Un diminuto signo de puntuación puede cambiar absolutamente el sentido de una frase.
Con esa modificación podrían producirse toda una cadena de transformaciones y revoluciones que alcanzarían dimensiones insospechadas.

En el mundo de la informática eso está más que claro desde hace décadas.
En diversos lenguajes de programación los puntos y punto y coma son masivamente empleados para funciones específicas de ese idioma informático.
A lo largo y ancho de miles y millones líneas de código se cuelan pequeñitos signos que pueden determinar un funcionamiento incorrecto, una catástrofe increíble, efectos fuera de todo pronóstico.
¡Solo por un punto mal puesto u olvidado!

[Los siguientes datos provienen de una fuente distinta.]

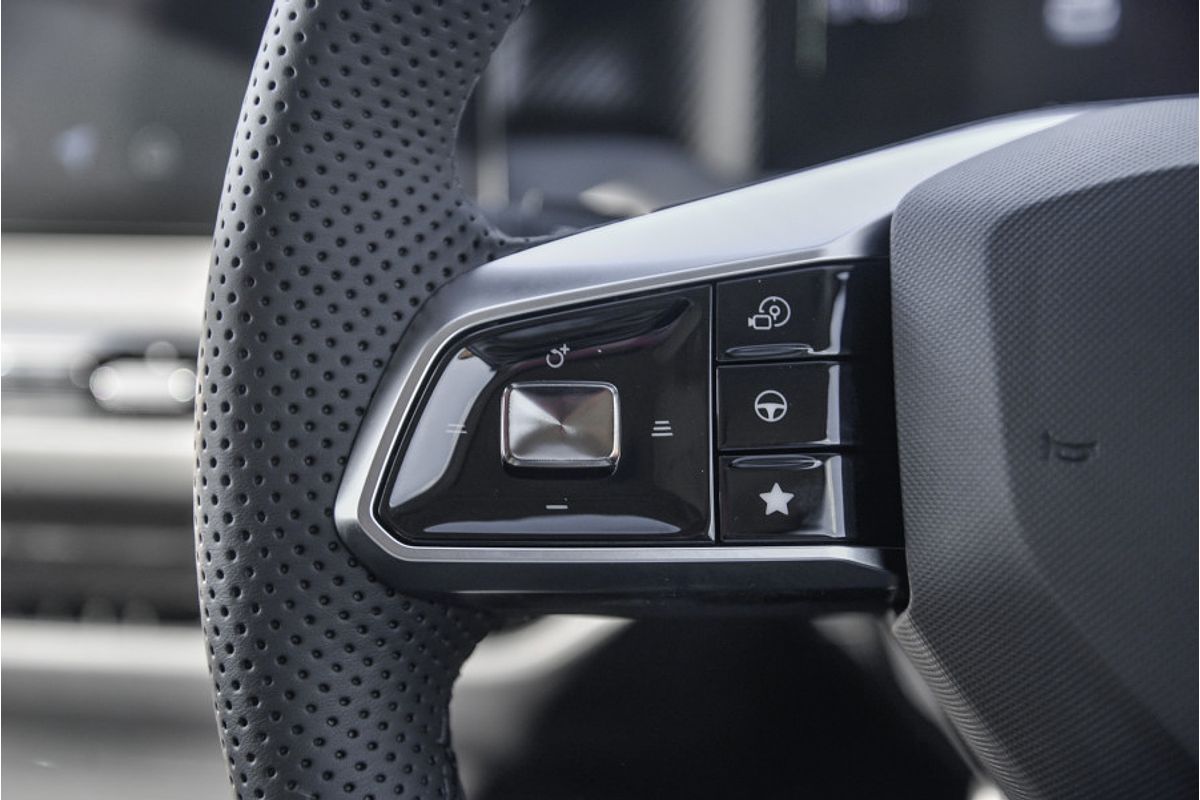 2025 MG MGS5 EV Essence 49 ZS3EM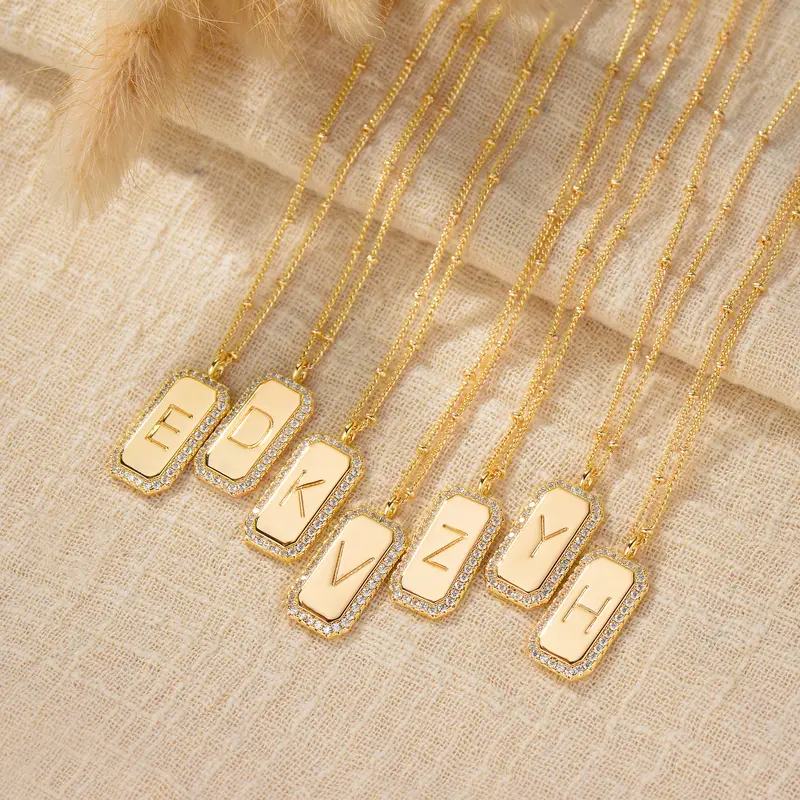 Collana con iniziali a strati delicati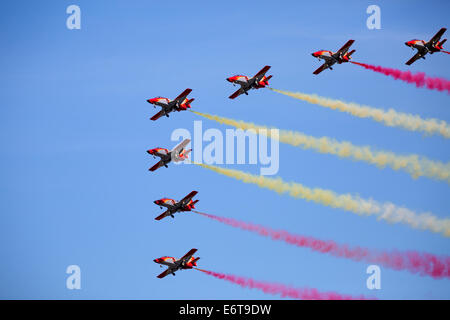 Payerne, Schweiz, 30. August 2014. Zwei Jets der Patrulla Águila ein Manöver in der Luft zeigen bei AIR14 am Samstag 30. August Credit: Carsten Reisinger/Alamy Live News Stockfoto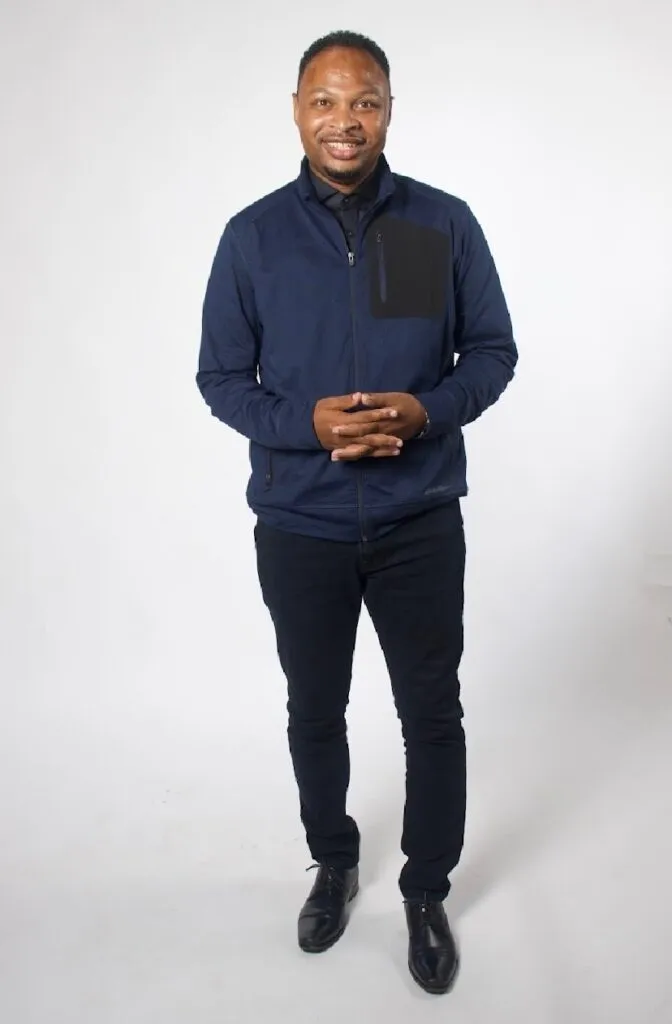 Who is Webmaster Eric? 1 IMG 5025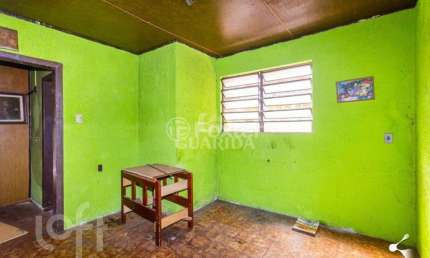 Casa com 3 quartos à venda na Rua Doutor Ney Cabral, 363, Nonoai, Porto Alegre, 125 m2 por R$ 250.000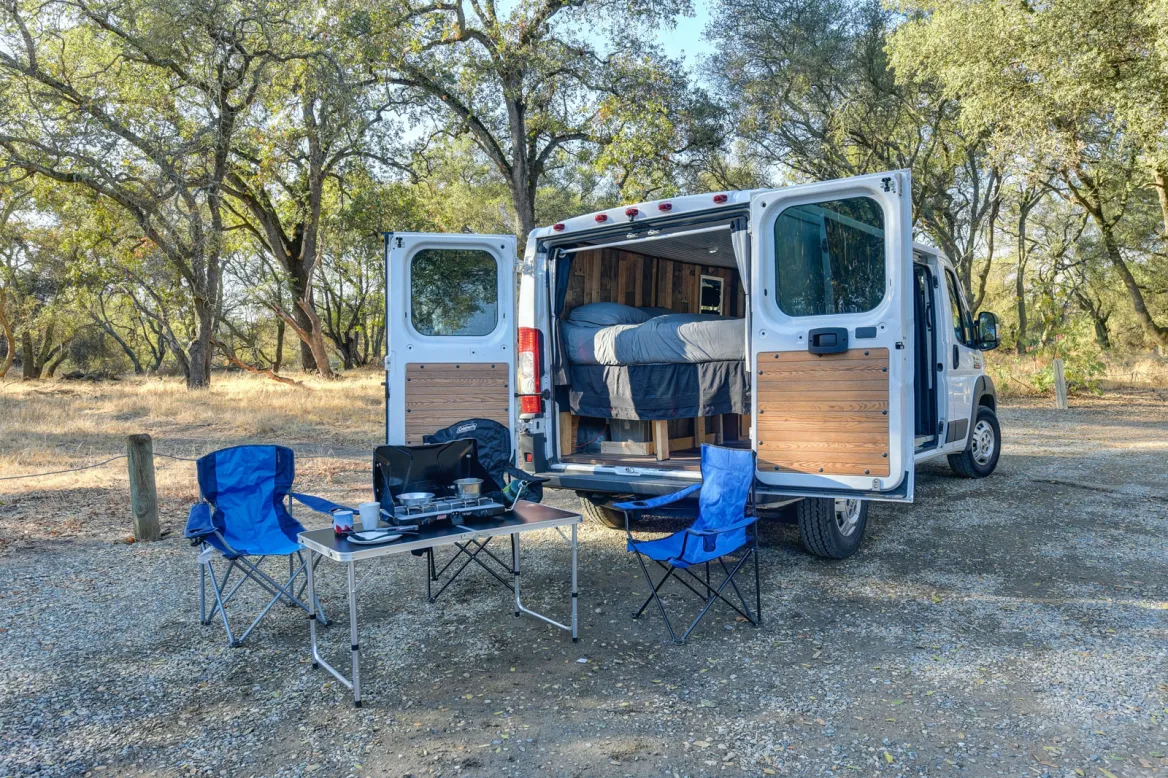 Van life in the Landes region. Photo: stephen-leonardi-unsplash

Aunque no lo creas, así funcionan o dejan de hacerlo infinidad de cosas en este mundo.

Mira la diferencia.
Pregunta el muy alérgico al maní:
”¿Este plato contiene maní?”
Y aquí tienes dos respuestas virtualmente idénticas y diametralmente opuestas:
”No, lo puedes comer”
y
”No lo puedes comer”.
Supongamos que la persona que respondiera no supiera pronunciar correctamente, que la coma hubiera desaparecido: ¿te imaginas el resultado?

Hay que ser muy estricto y detallista, en todos los aspectos, pero en especial en aquellos que sabemos pueden ofrecer dificultades.
No por un afán legalista.
No por estar aferrado a determinada doctrina filosófica que impone seguir ciertas reglas.
No porque uno está fanatizado u obsesionado.
Sino, para preservar la claridad, la integridad, la belleza, la vida.

Te pido que releas la frase del libro de Job que da inicio a esta enseñanza.
La he visto escrita sin los signos de interrogación, como si fuera una afirmación categórica: “Con los ancianos se encuentra la sabiduría y con los muchos días, el entendimiento”.
Poniendo como una verdad bíblica que el hecho de estar viejo implica haber ganado conocimiento y que con la edad uno se hace inteligente.
Pero, ni la Torá Oral (Shabat 152a; Mishná Kinim 3:6; Ialkut Shimoní del Tanaj 906:11), ni los ilustrados expertos están de acuerdo con esto.
Por el contrario, de haber existido signo de interrogación, lo hubieran usado sin lugar a dudas.
Porque la frase de este versículo no afirma, sino que cuestiona: “¿Con los ancianos se encuentra la sabiduría y con los muchos días, el entendimiento?”. Dándole un absoluto y total sentido diferente, mucho más cierto, más real.
Ser viejo no te vuelve sabio.
Estar gastado no te vuelve experimentado.
Tener encima días no te regala inteligencia.

El tiempo por sí mismo no cura, no enseña, no mejora, no hace nada más que pasar…
¿Se entendieron las varias enseñanzas de inteligencia espiritual que hay en este escrito que te comparto hoy?